School of Software, Beijing University of Technology, China.
School of Software, Beijing University of Technology, China.
Comput Methods Programs Biomed. 2020 Jun;189:105337. doi: 10.1016/j.cmpb.2020.105337. Epub 2020 Jan 13.
Cancer subtype analysis, as an extension of cancer diagnosis, can be regarded as a consensus clustering problem. This analysis is beneficial for providing patients with more accurate treatment. Consensus clustering refers to a situation in which several different clusters have been obtained for a particular data set, and it is desired to aggregate those clustering results to get a better clustering solution. In this paper, we propose to generalize the traditional consensus clustering methods in three manners: (1) We provide Bregmannian consensus clustering (BCC), where the loss between the consensus clustering result and all the input clusterings are generalized from a traditional Euclidean distance to a general Bregman loss; (2) we generalize the BCC to a weighted case, where each input clustering has different weights, providing a better solution for the final clustering result; and (3) we propose a novel semi-supervised consensus clustering, which adds some must-link and cannot-link constraints compared with the first two methods. Then, we obtain three cancer (breast, lung, colorectal cancer) data sets from The Cancer Genome Atlas (TCGA). Each data set has three data types (mRNA, mircoRNA, methylation), and each is respectively used to test the accuracy of the proposed algorithms for clusterings. The experimental results demonstrate that the highest aggregation accuracy of the weighted BCC (WBCC) on cancer data sets is 90.2%. Moreover, although the lowest accuracy is 62.3%, it is higher than other methods on the same data set. Therefore, we conclude that as compared with the competition, our method is more effective.
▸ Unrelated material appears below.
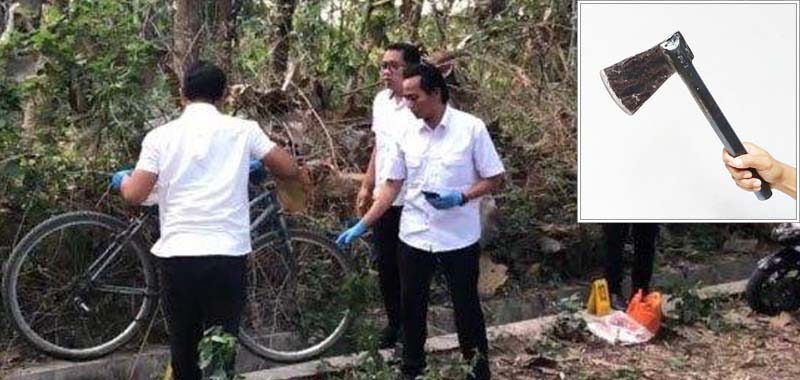 Apa yang Dicari Kakek-kakek di Ponorogo ini Saling Bunuh, Ismu Tewas Dipecok Adiknya Gara-gara Pohon Mangga dan Jati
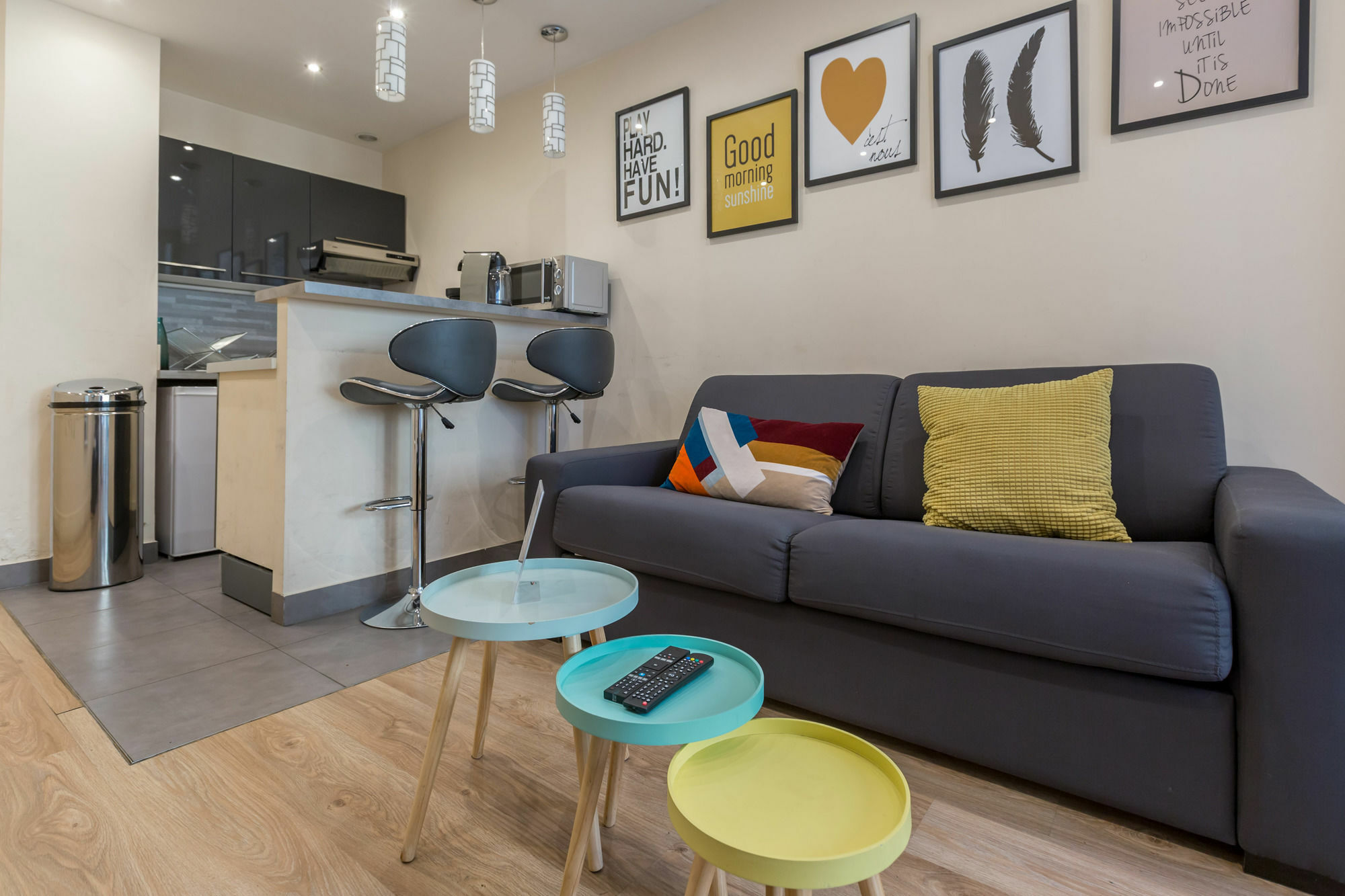 Apartment Ws Bastille-Le Marais Paryż Zewnętrze zdjęcie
癌症亚型分析可以看作是癌症诊断的一种扩展,可以为患者提供更准确的治疗方案。共识聚类是指对特定数据集进行多次聚类,然后将这些聚类结果进行聚合,从而得到更好的聚类结果。本文提出了三种方法来推广传统的共识聚类方法:(1)我们提出了 Bregman 共识聚类(BCC),将共识聚类结果与所有输入聚类之间的损失从传统的欧几里得距离推广到一般的 Bregman 损失;(2)我们将 BCC 推广到加权情况,其中每个输入聚类具有不同的权重,为最终聚类结果提供更好的解决方案;(3)我们提出了一种新的半监督共识聚类方法,与前两种方法相比,该方法增加了一些必须链接和不能链接的约束。然后,我们从癌症基因组图谱(TCGA)中获得了三个癌症(乳腺癌、肺癌、结直肠癌)数据集。每个数据集有三种数据类型(mRNA、mircoRNA、甲基化),分别用于测试所提出算法在聚类方面的准确性。实验结果表明,加权 BCC(WBCC)在癌症数据集上的聚合精度最高可达 90.2%。尽管最低精度为 62.3%,但在同一数据集上高于其他方法。因此,我们可以得出结论,与竞争方法相比,我们的方法更有效。